The past 36 hours have been spent housebound, shuffling weakly from room to room with a laptop in one hand and a mug of tea in the other; my hair is in a wobbly, wild bun on top of my head, and I’m sporting baggy lounge pants and an oversized thrift shop sweater. Now more than ever, I am thankful for my singleness–no one but the dog needed to see this.
And on that note, I want to use my own bad example to ruminate for a minute about the things we say–either seriously or in jest–that suggest appearance directly coincides with relationship status. I do my best to look presentable when going out in public (most of the time), but it saddens me when people strive to look their best only to impress or attract others.
Flashback to ninth grade English class when the kid sitting in front of me turned around, eyed me up and down, and said, “Why do you wear makeup? It’s not like guys are looking at you anyway.”
Because I knew this boy was trying to get a rise out of me, and because I was secure in who I was, even as a teenager, I responded in a confident, composed, mature manner:
“I wear it for me.”
And then I viciously snapped a rubber band on the hand he was resting on my desk.
Now, I’d be lying if I said there has never been a time where I put some extra effort in my appearance to catch someone’s eye. Who hasn’t? As much as I strongly believe in making a romantic connection for reasons beyond physical appearance, I know that it’s often the first thing that gets someone’s attention.
But if the opinions of others were influencing how I present myself on a daily basis, then I’d be a much different person.
I like hoodies and jeans.

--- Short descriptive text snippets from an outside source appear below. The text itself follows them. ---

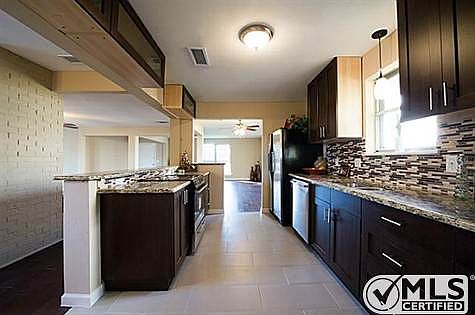 1st image of 2604 Quail Run Dr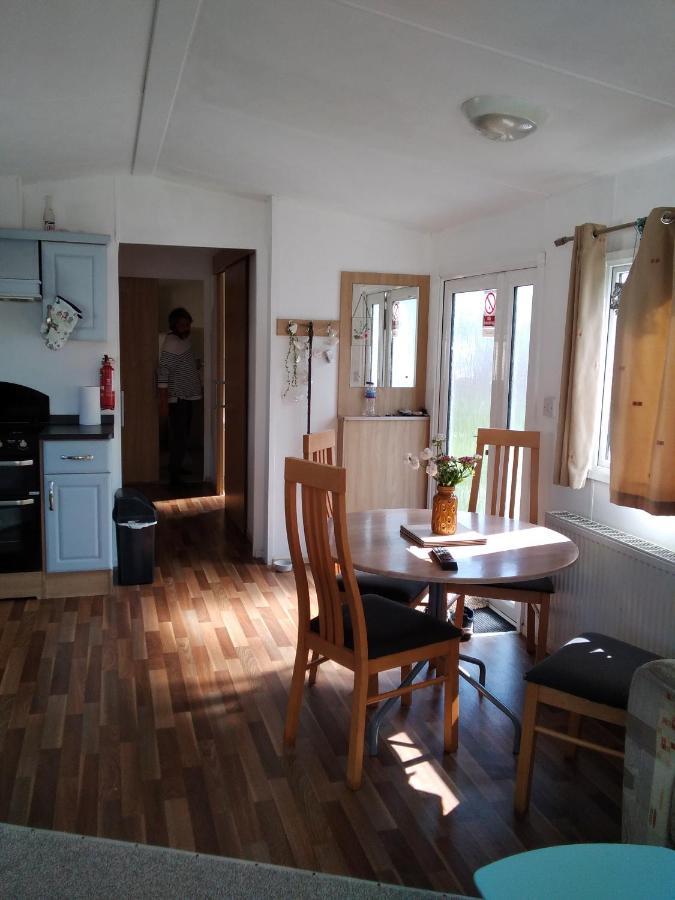 Private Caravan Situated At Parkdean Holiday Resort St Margaret'S At Cliffe Number 18 Extérieur photo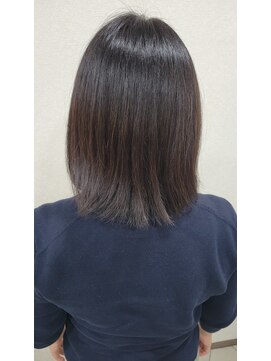 コンテ(CONTE) 外ハネ伸ばしかけ前下りボブ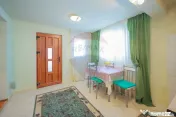 Casă cu 4 camere din cărămidă, de vânzare în zona B...
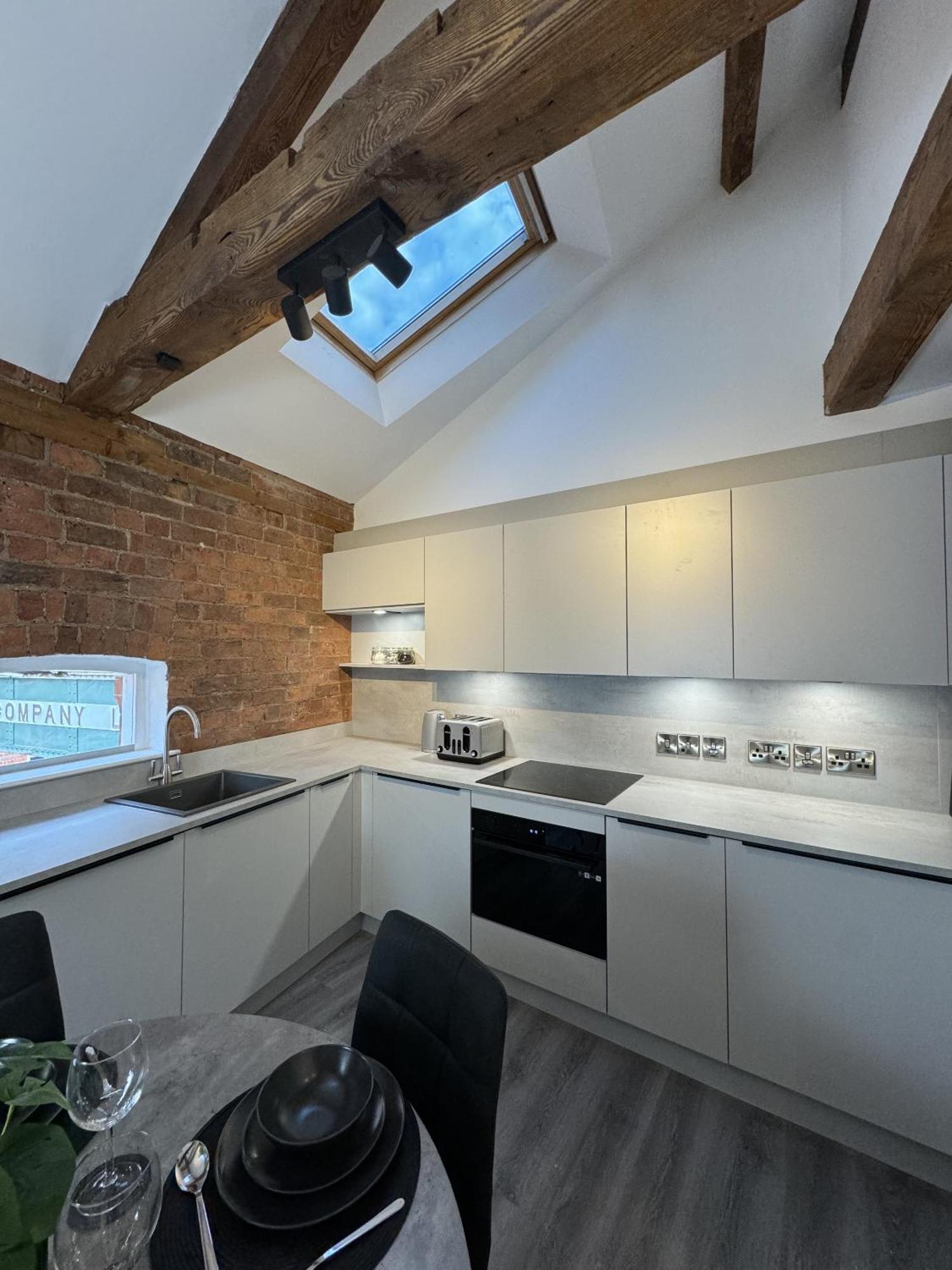 Apartment Hull
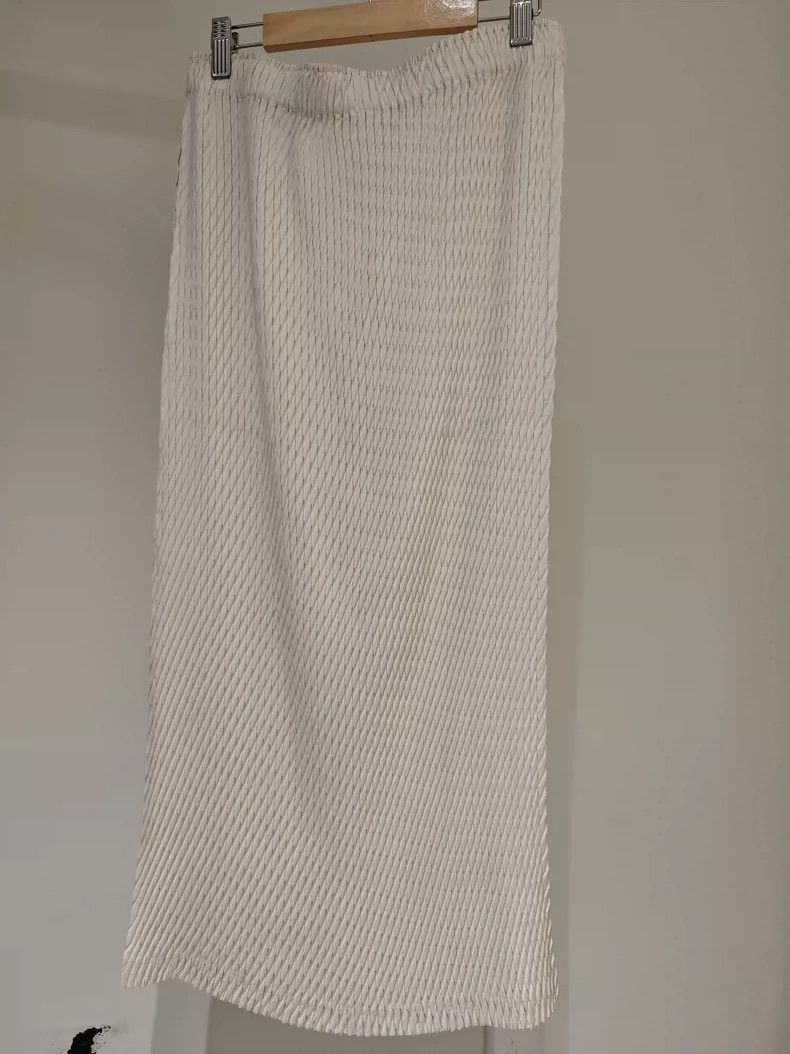 Issey Miyake Issey Miyake size:2 White skirt Size 42" / US 20 - 9 Thumbnail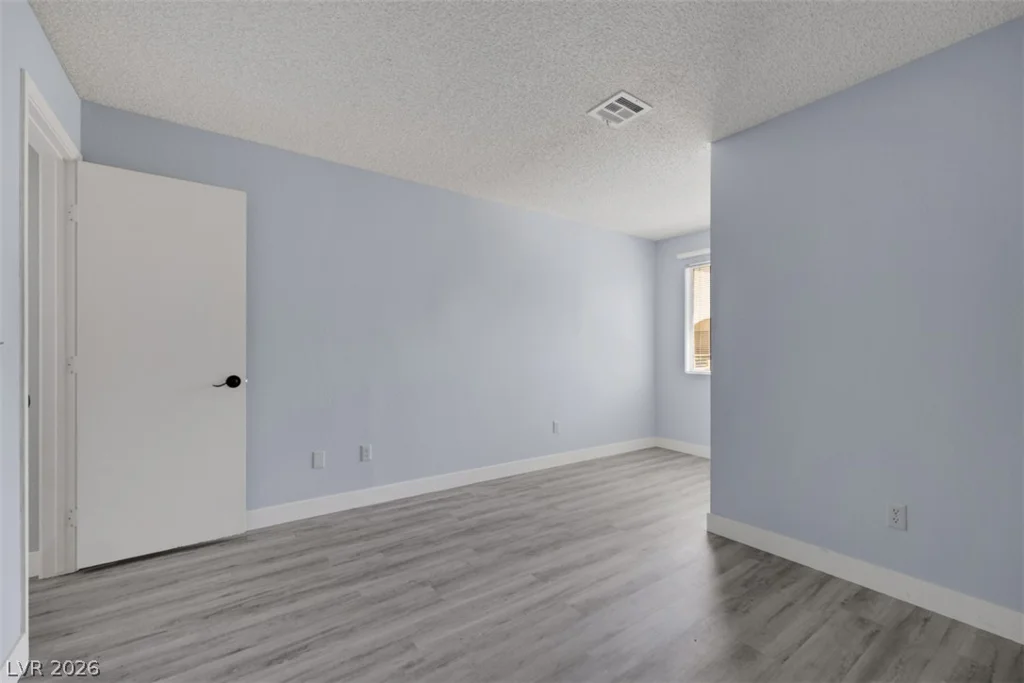 6869 Tamarus, Las Vegas, NV 89119
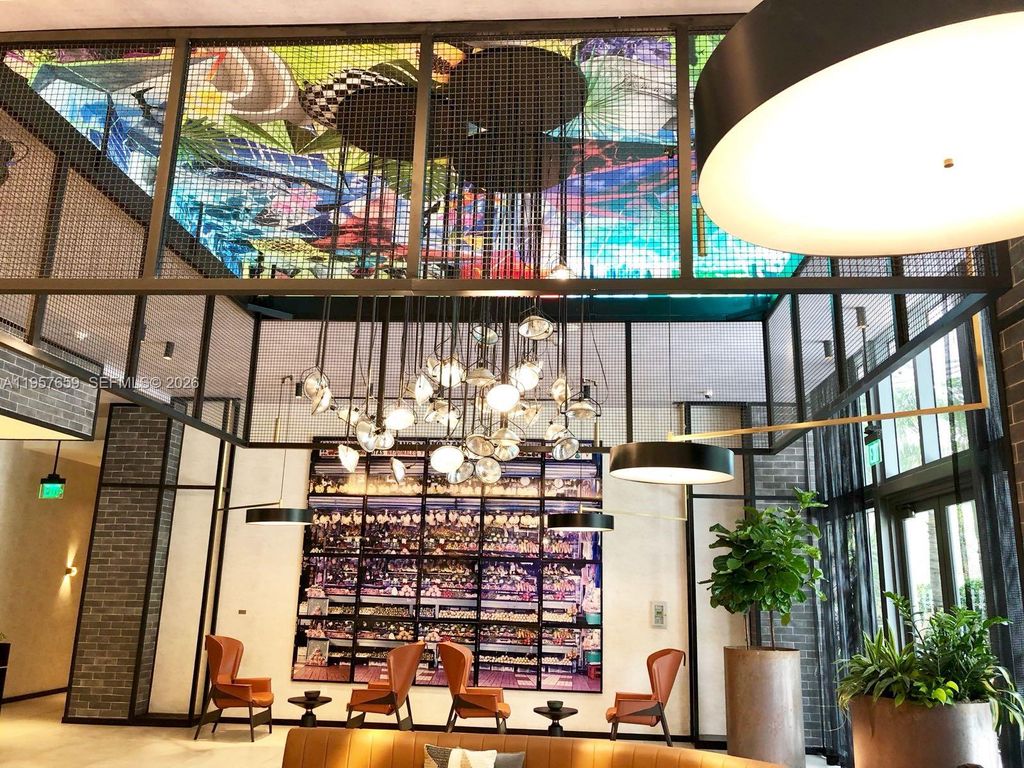 121 NE 34th St 2704, Miami, FL 33137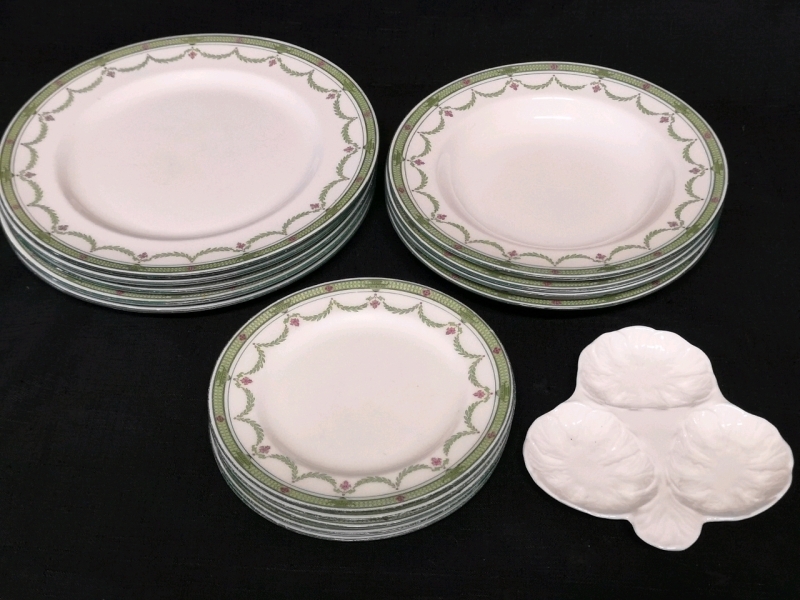 14 Royal Doulton Plates & Coalport Nut Dish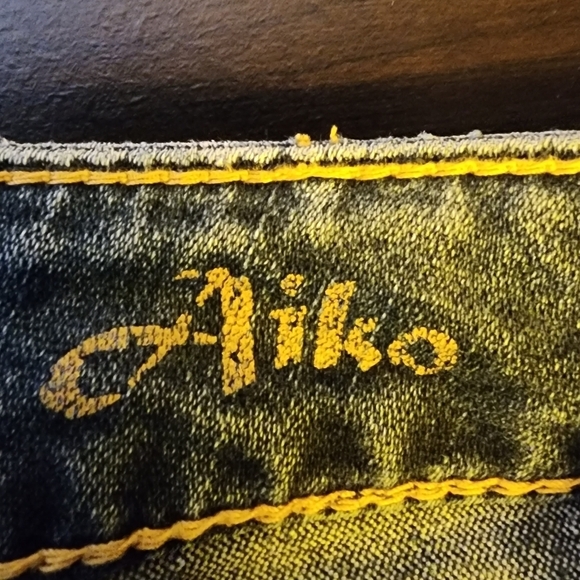 Silver Aiko Jeans - Picture 12 of 14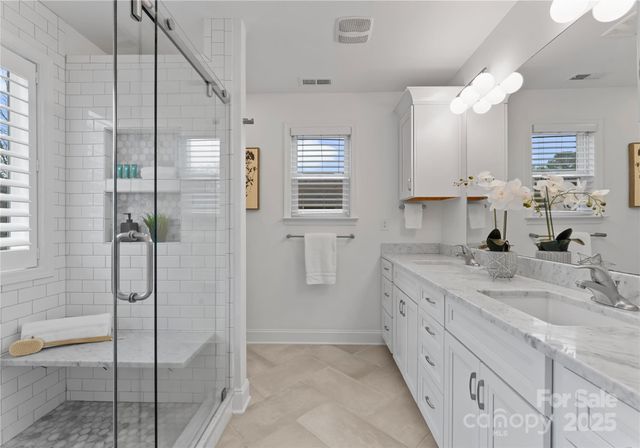 4402 Garris Road, Charlotte, NC 28209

I own way too many graphic tees. I have exactly one pair of black boots that can go with almost every outfit. If the occasion is casual, you can bet I’ll be comfortable; I’m not too concerned about whether or not the love of my life will meet me for the first time while I’m wearing the Queen T-shirt I bought in high school.
My main point is this: It can be all too easy for singles to look at themselves critically and make changes for the wrong reasons. And sometimes the critique comes from other people, who may or may not have kind intentions. A friend once discouraged me from cutting my hair short because he liked me with long hair better. In that case, it was just his honest (unsolicited) opinion, but I ultimately chose my hair style according to what I preferred. I do think it’s important to take your partner’s preferences into account when you’re in a relationship–to a degree–but until then, I’m not feeling pressured to dress like someone I’m not to “up my chances” of getting a guy.